Software Reliability and Randomness are slippery concepts that may be conceptually easy to understand, but hard to pin down. As programmers, we can write the equivalent of ‘hello world’ in dozens of languages on hundreds of platforms and once the program is functioning – it is reliable. It will produce the same results every time it is executed. Yet systems built from thousands of modules and millions of lines of code function less consistently than our hello world programs – and are functionally less reliable.
As programmers we often look for a source of randomness in our programs, and it is hard to find. Fundamentally we see computers as deterministic systems without any inherent entropy (for our purposes – randomness). For lack of true random numbers we generate Pseudo Random Numbers (PRNs), which are not really random. They are used in generating simulations, and in generating session keys for secure connections, and this lack of true randomness in computer generated PRNs has been the source of numerous security vulnerabilities.

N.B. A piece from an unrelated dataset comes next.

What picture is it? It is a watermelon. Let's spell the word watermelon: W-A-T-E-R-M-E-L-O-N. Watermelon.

In this post I am going to discuss how software can be “unreliable”, deterministic behavior, parallel systems / programming, how modern computer programs / systems can be non-deterministic (random), and how that is connected to software reliability.
The topics of software reliability, deterministic behavior, and randomness in computers is a field that is massively deep and complex. The discussions in this blog are high level, lightweight, and I make some broad generalizations and assertions that are mostly correct (if you don’t look to closely) – but hopefully still serve to illustrate the discussion.

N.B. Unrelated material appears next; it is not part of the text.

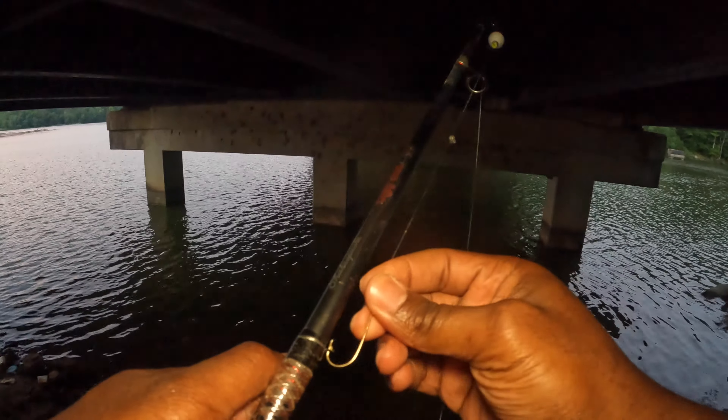What is up guys, we are back with another video. Today we're going to try to do some more crappie fishing. I'm over here at my spot I like to go to, under the bridge. It's right at the crack of dawn, around 5:20 right now, sun's not completely up — this is what I want. We're going to go right here and try to cast, see what we can get.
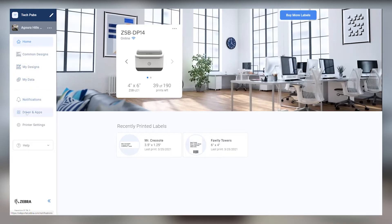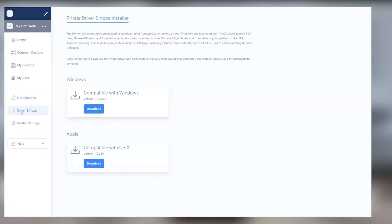First things first, make sure you've already downloaded and installed the ZSB Series driver from the Drivers and Apps section of the ZSB Series workspace on your computer.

I also apologize in advance for this incredibly dry and abstract post.
Hardware reliability, more precisely “failure” is most often occurs when some device in a system breaks (the smoke comes out), and the system no longer functions as expected. Software failures do not involve broken hardware or devices. Software failures are based on the concept that there are a semi-infinite number of paths (or states) through a complex software package, and the vast majority will result in the software acting and functioning as expected. However there are some paths through the code that will result in the software not functioning as expected. When this happnes, the software and system are doing exactly what the code is telling it to do – so from that perspective, there is no failure. However from the concept of a software failure, the software is not doing what is expected – which we interpret as a software failure, which provides a path to understand the concept of software reliability.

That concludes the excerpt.